Work to be completed:
Wherever a picture appears in the listing below, leave it out and reproduce the rest exactly.

Dataset excerpt:
((

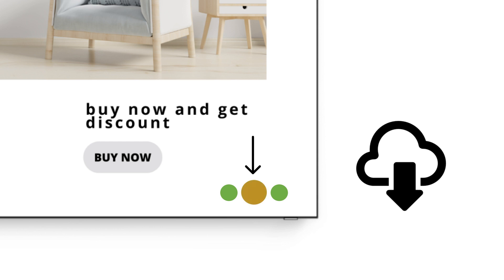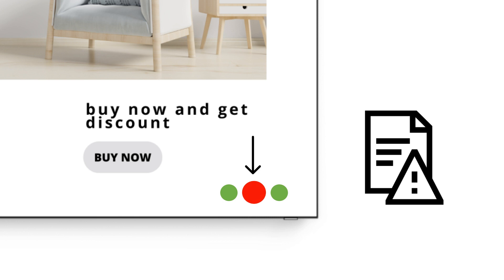If it turns orange, it means that the media file is still downloading, and if it turns red, it means that there was an error in downloading the media file.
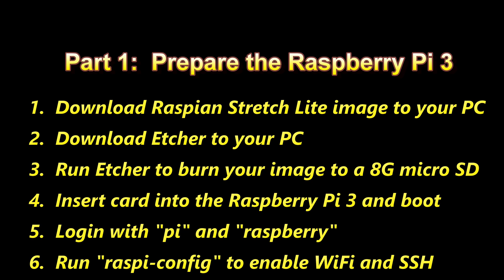We're first going to download the Raspbian Stretch Lite image to your PC. We'll download Etcher to your PC if you don't already have something like it. We'll run it to burn the image to the SD card. We'll then boot up the Pi, we'll log in, and we'll run the Raspbian config. That way we can enable Wi-Fi and SSH. SSH will allow us to connect to the Pi from our PC. So we no longer have to have the Raspberry Pi connected to a monitor and keyboard and mouse. It just needs to be powered on your Wi-Fi and then you can take control over it from your PC.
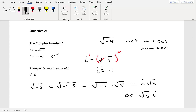Express in terms of i: negative square root of negative 36. First, fix the negative inside the square root by pulling out an i, leaving the square root of positive 36. The square root of 36 is 6, so we have negative i times 6, which gives us negative 6i.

))

Answer space:
If it turns orange, it means that the media file is still downloading, and if it turns red, it means that there was an error in downloading the media file.
We're first going to download the Raspbian Stretch Lite image to your PC. We'll download Etcher to your PC if you don't already have something like it. We'll run it to burn the image to the SD card. We'll then boot up the Pi, we'll log in, and we'll run the Raspbian config. That way we can enable Wi-Fi and SSH. SSH will allow us to connect to the Pi from our PC. So we no longer have to have the Raspberry Pi connected to a monitor and keyboard and mouse. It just needs to be powered on your Wi-Fi and then you can take control over it from your PC.
Express in terms of i: negative square root of negative 36. First, fix the negative inside the square root by pulling out an i, leaving the square root of positive 36. The square root of 36 is 6, so we have negative i times 6, which gives us negative 6i.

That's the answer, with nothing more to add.